The cells were added to the upper chamber at a density of 4 × ATM Kinase Inhibitor in vitro 104 cells/insert, After 24 h of incubation, cells on the upper surface were wiped off with a cotton swab. Cells that had invaded the lower surface were fixed with 70% ethanol, stained with 0.2% crystal violet, Invasiveness was quantitated by selecting ten different views (100 times) and calculating the number of invading cells. Gilteritinib chemical structure Migration assay Migration assays were performed using two-chamber-Transwell (Corning, USA) as described previously
[20]. The lower surface of a polycarbonate filter with 8 μm pores was coated with 1 μg/ml bovine collagen IV. Cells were trypsinized and suspended in a serum-free medium containing 1% BSA at a concentration of 4 × 104 cells/insert. The cells were placed in the upper chamber and free DMEM was placed in the lower chamber. After 12 hr at 37°C, the cells in the upper chamber were wiped off with a cotton swab. The cells on the lower surface of the filter were fixed with 70% ethanol, stained with 0.2% crystal violet, migration was quantitated by selecting ten different views (100 times) and calculating the number of migrated cells. Statistical analysis All statistical analyses were performed using SPSS
10.0. VX-765 mw Data were expressed as mean ± SD. The statistical correlation of data between groups was analyzed by one-way analysis of variance (ANOVA) and Student’s t test, where P < 0.05 were considered significant.

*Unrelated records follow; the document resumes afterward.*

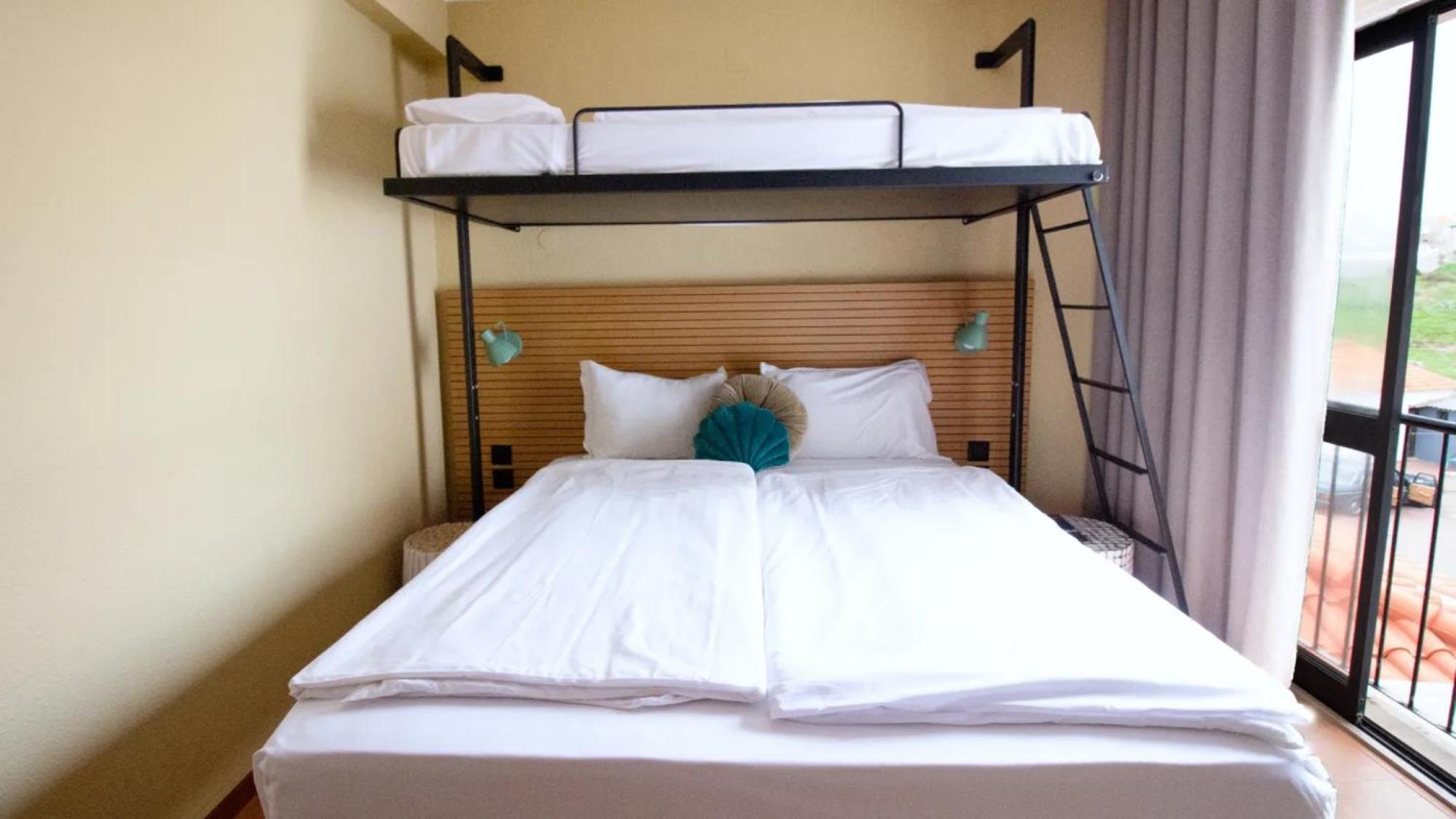 Wot Sintra Ocean Otel Azenhas do Mar Dış mekan fotoğraf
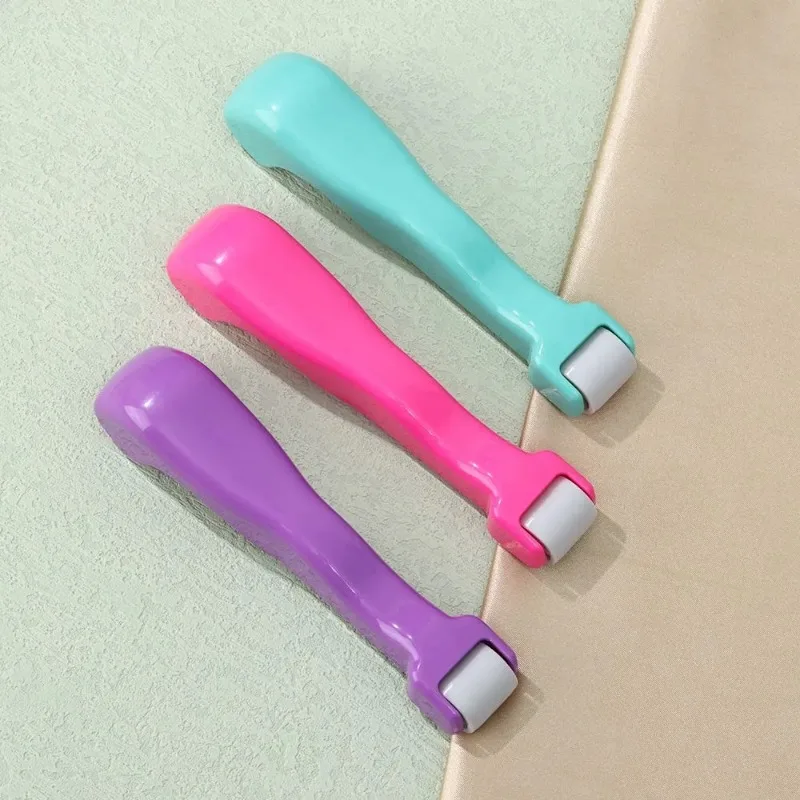 Schnell drücken Nähte drücken  – Sewing Technology Bewertung und Preis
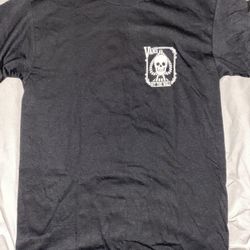 Vans T-Shirt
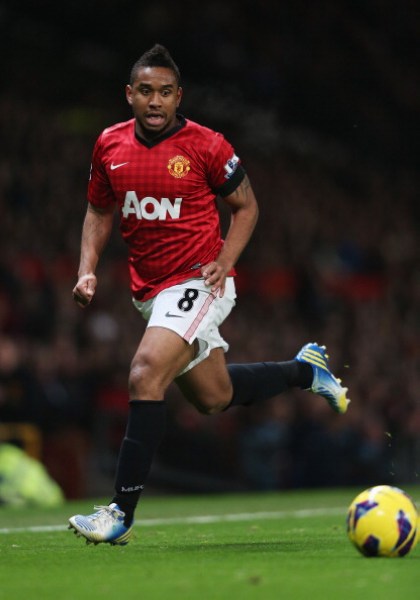 通过精细化 通过精细化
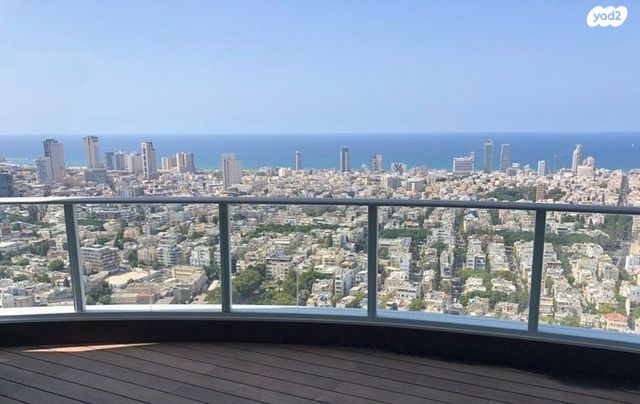 דירה, החשמונאים, גני שרונה, קרית הממשלה, תל אביב יפו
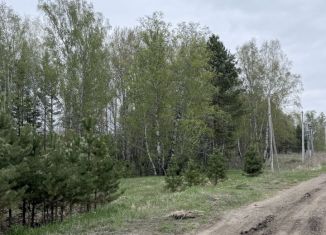 Продажа участка, 16 сот., Красноярский край
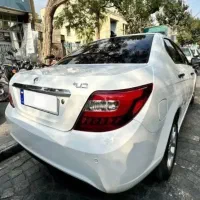 اجاره خودرو دنا پلاس اتومات ۱۴۰۳/کرایه اتومبیل رنت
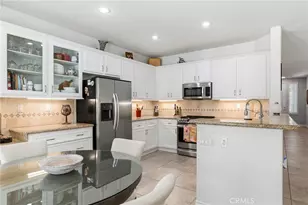 4210 Havenridge Dr, Corona, CA 92883 - Photo 30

Results
Selection of the most effective COX-2 specific shRNA expression vector To exclude off-target Temsirolimus silencing effects mediated by specific shRNA, we employed three different COX-2 shRNAs (shRNA1, shRNA2, shRNA3). Three specific plasmids and the control plasmid were cotransfected with packing plasmid into 293T cells, respectively. 48 h after transfection, GFP expression in 293T cells was observed under a fluorescent microscope (Figure 1a). The level of COX-2 expression was evaluated by RT-PCR and western blotting. Results indicated that all of the COX-2shRNA-1, shRNA-2 and shRNA-3 significantly decreased the COX-2 mRNA and protein levels in 293T cells. According to the results, LV-COX-2siRNA-1 was the most effective lentivirus vector, and was used in the following experiments (Figure 1b and 1c). Figure 1 Downregulation of COX-2 expression in 293T cells by shRNA transfection. (A) GFP expressed 48 h after the transfection of the control, shRNA1, shRNA2 and shRNA3 plasmid in 293T cells, under a fluorescent microscope, respectively. (magnification 200 ×). (B) COX-2 mRNA levels were detected by RT-PCR. (C) COX-2 protein levels were detected by western blotting. Data are presented as mean ± s.e.m. * P < 0.01, # P < 0.001, compared with untransfected 293T cells group or control plasmid transfected cells group.